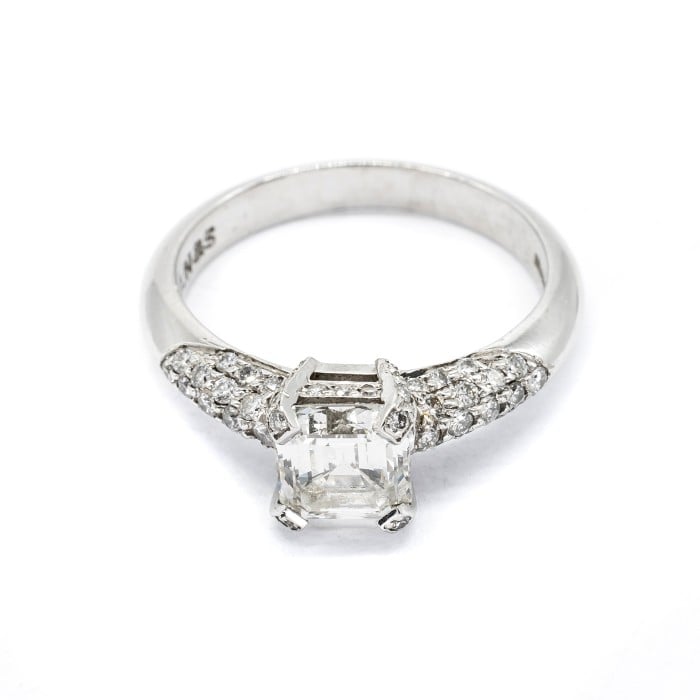 Emerald Cut Diamond and Platinum Ring With Pavé Set Shoulders, 1.23ct
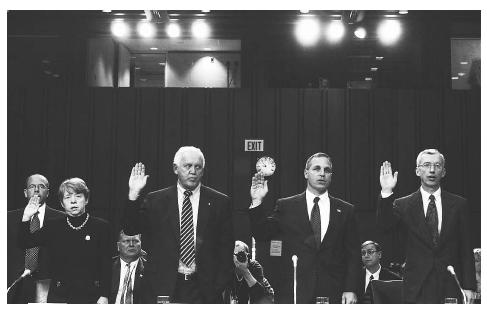 (l to r) Former U.S. Attorney Mary Jo White, former Senator Warren Rudman, former FBI director Louis Freeh, and CIA National Intelligence Officer Paul Pillar are sworn in during intelligence hearings, 2002. AP/WIDE WORLD PHOTOS.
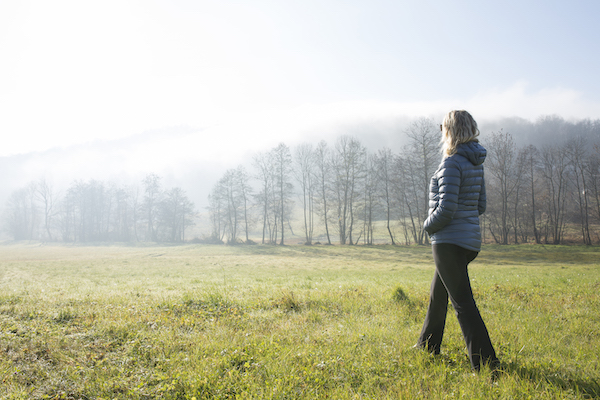 Woman Walks in a Field | Inexpensive Self Care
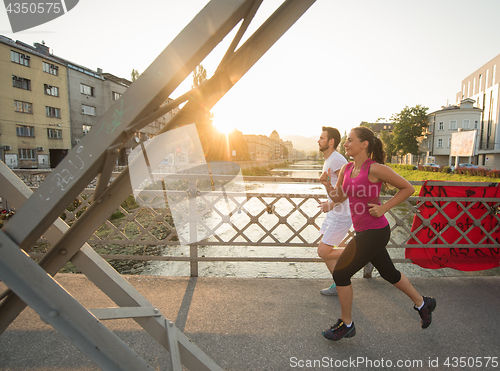 Image of young couple jogging across the bridge in the city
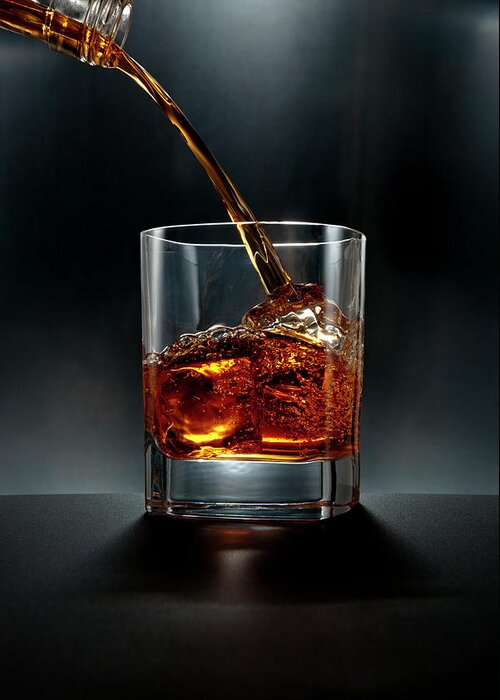 Alcohol Greeting Card featuring the photograph Brown Liquor Drink Pour On Black by Chris Stein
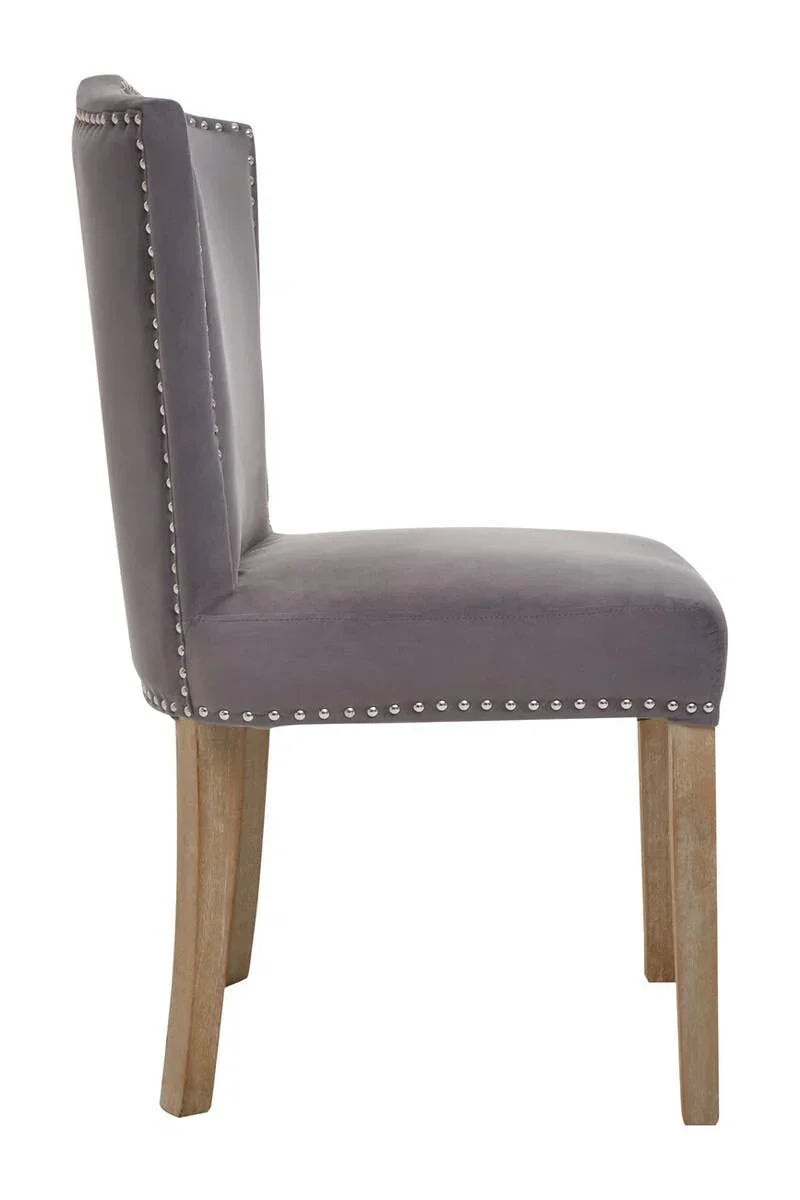 Grey velvet dining chair with wooden legs and silver stud detailing in side profile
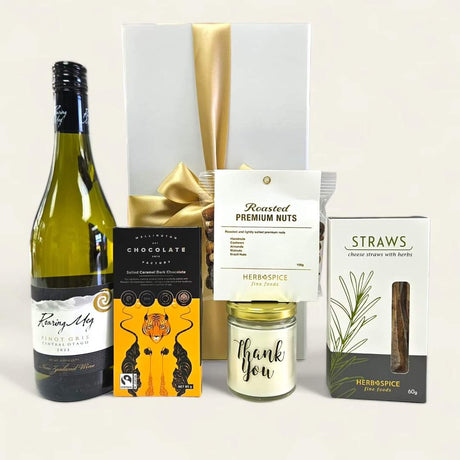 Gift box with wine, chocolate, nut mix, and a scented candle, elegantly packaged with a ribbon. Perfect for expressing gratitude.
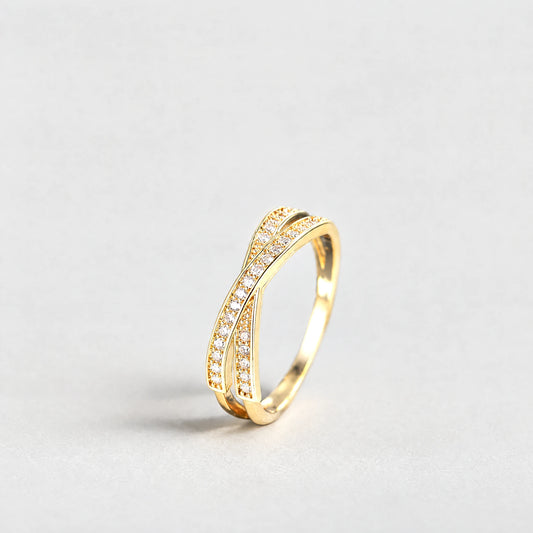 Gold Ivy Crossover Crystal Ring with clear crystals on a light grey background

TASK DESCRIPTION – Up in the listing, locate the line with "Image of young"; print it and every line after it down to the line with "Grey velvet dining", which is included too. Skip the pictures.

YOUR RESPONSE –
 Image of young couple jogging across the bridge in the city
 Alcohol Greeting Card featuring the photograph Brown Liquor Drink Pour On Black by Chris Stein
 Grey velvet dining chair with wooden legs and silver stud detailing in side profile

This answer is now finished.